▶ [Task details] Repeat exactly the lines of the records below, starting at the line containing "IMG_2364.jpeg" and ending at the line containing "Loewe LOEWE". Leave the pictures out.

▶ [Data extracts]

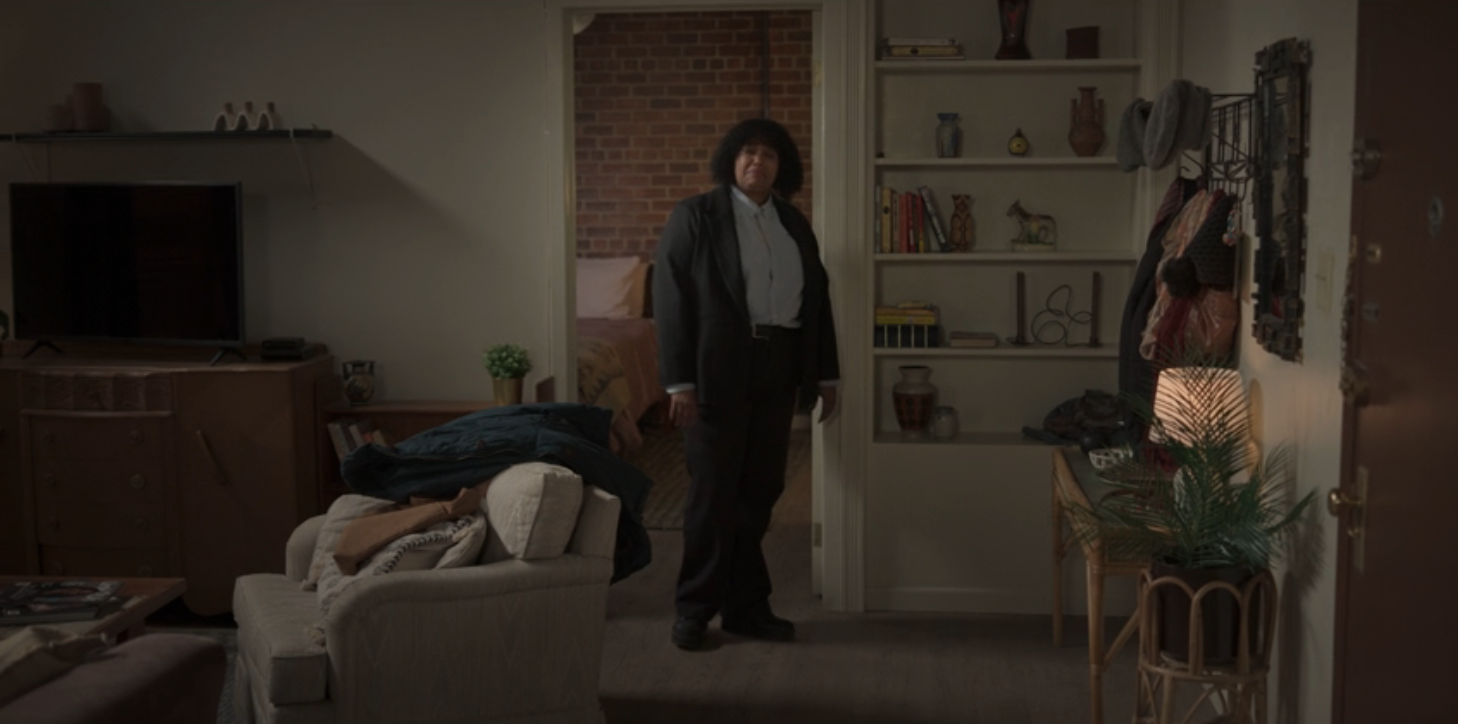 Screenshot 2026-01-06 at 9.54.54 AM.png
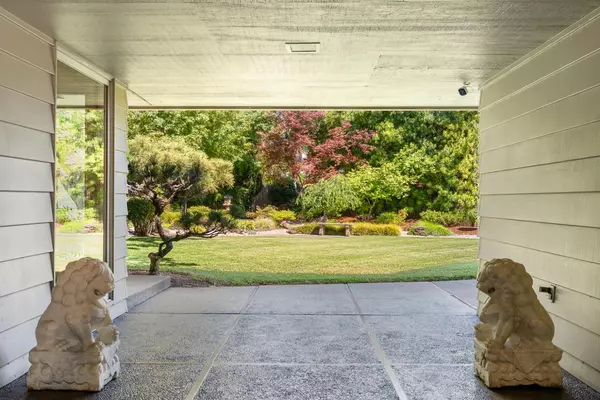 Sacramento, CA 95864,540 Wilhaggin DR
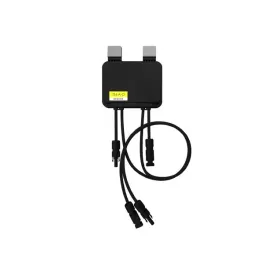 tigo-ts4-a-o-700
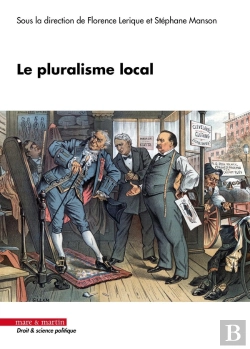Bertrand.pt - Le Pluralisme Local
==
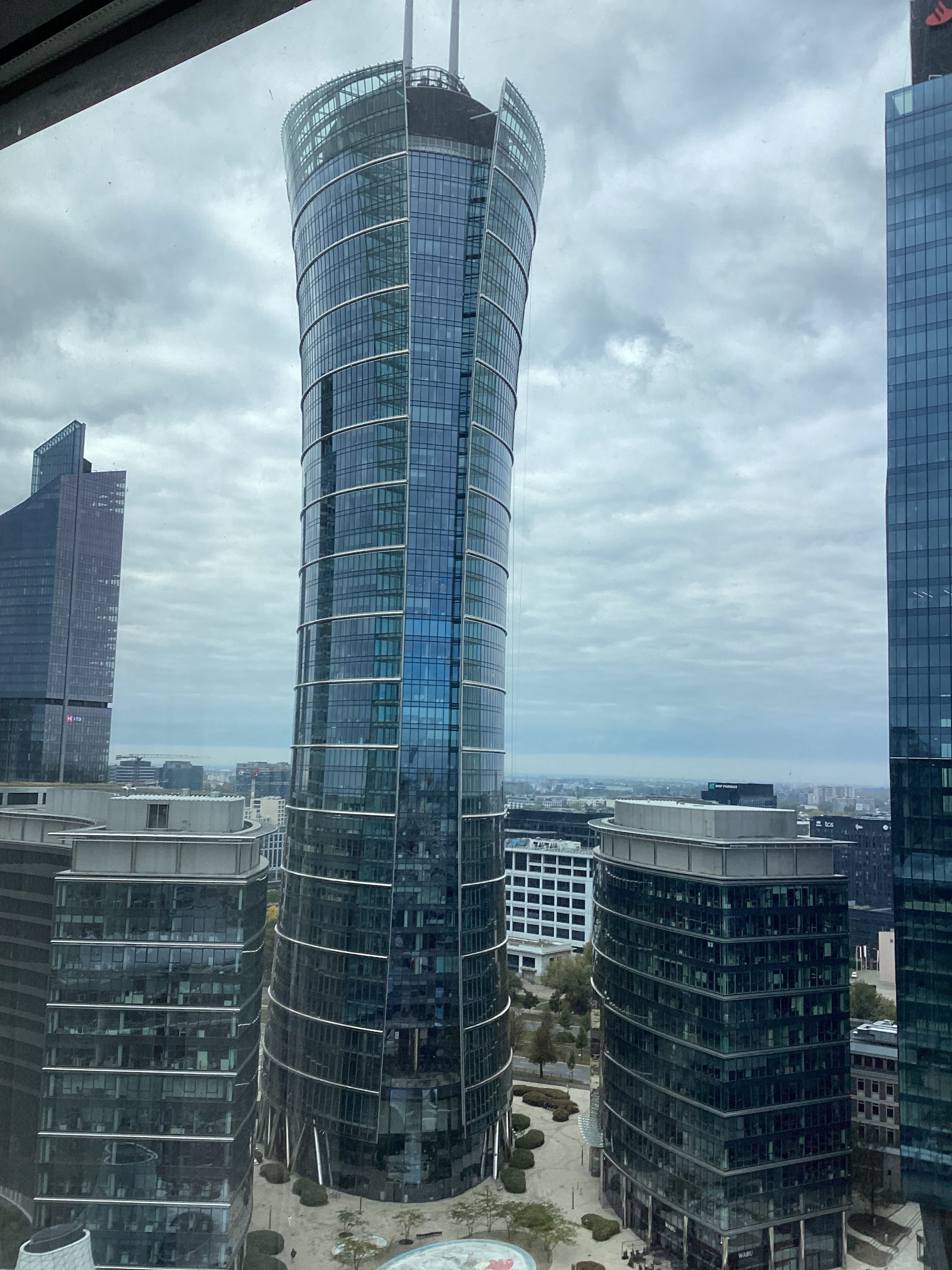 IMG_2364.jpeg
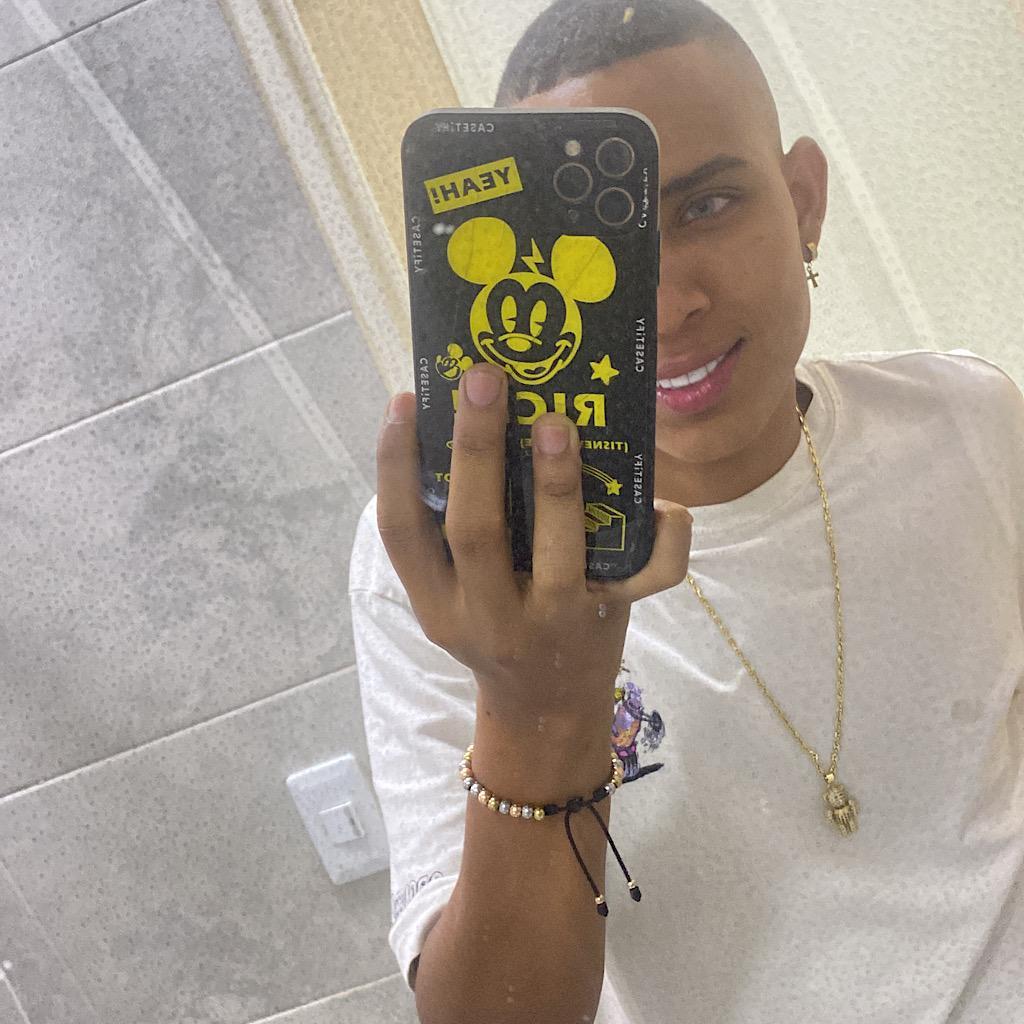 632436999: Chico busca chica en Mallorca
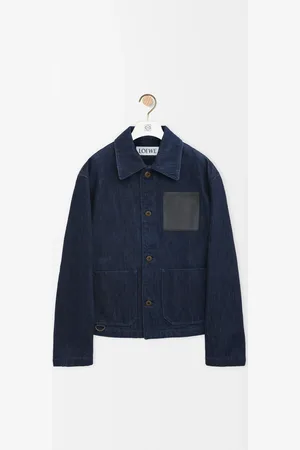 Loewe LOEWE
...
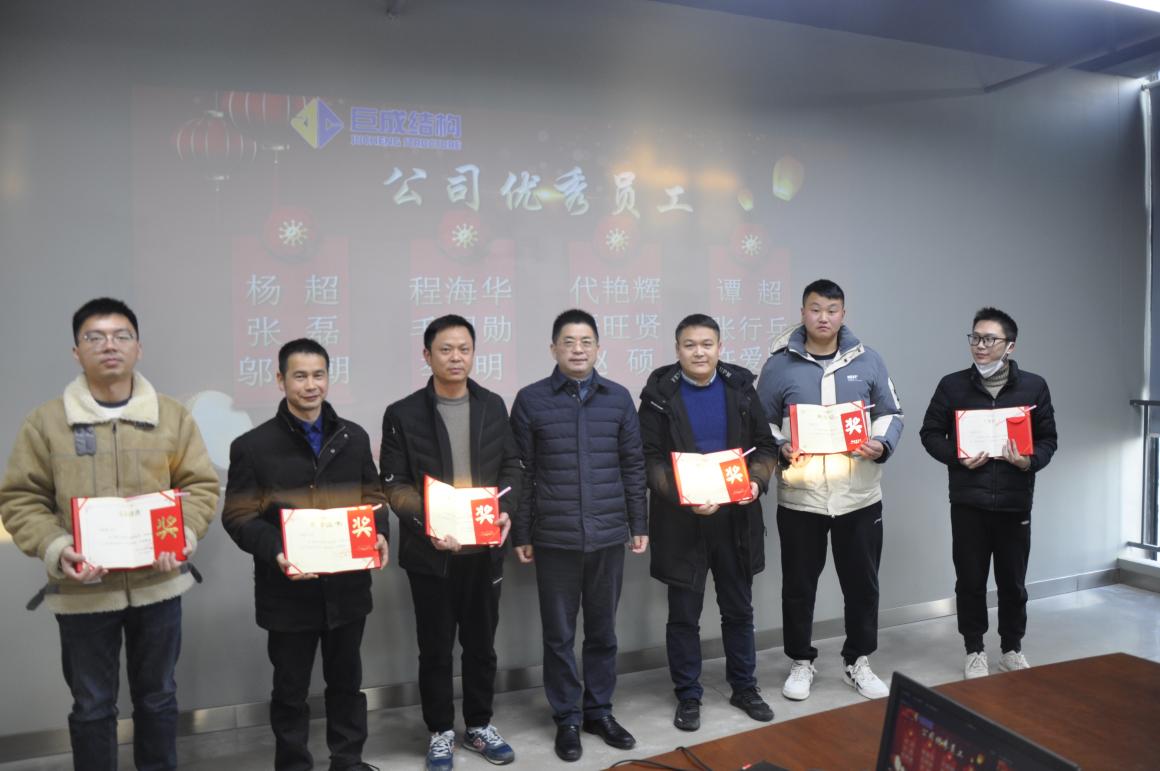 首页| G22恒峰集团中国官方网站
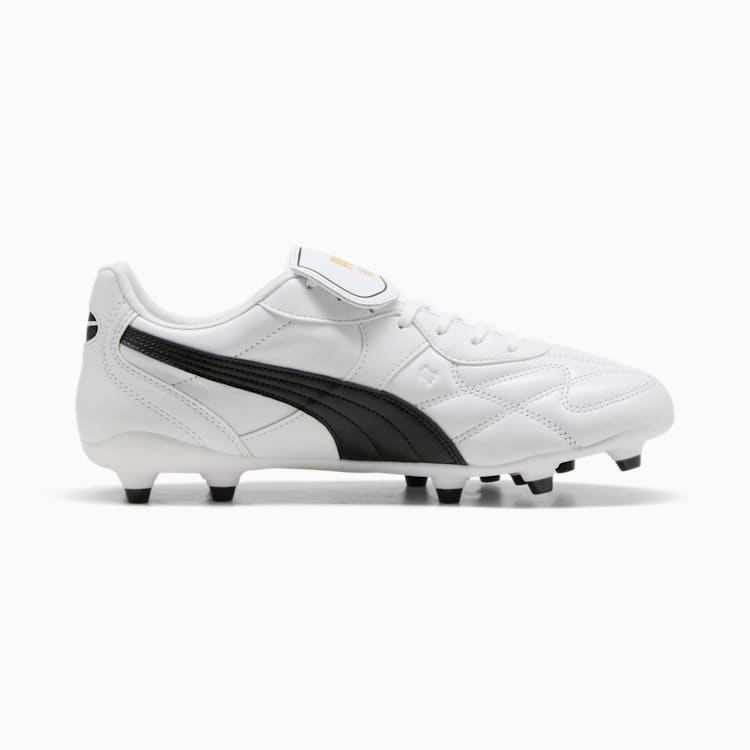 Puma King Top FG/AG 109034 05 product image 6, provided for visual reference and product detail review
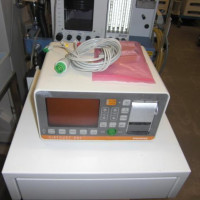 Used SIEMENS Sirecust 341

▶ [Task output]
 IMG_2364.jpeg
 632436999: Chico busca chica en Mallorca
 Loewe LOEWE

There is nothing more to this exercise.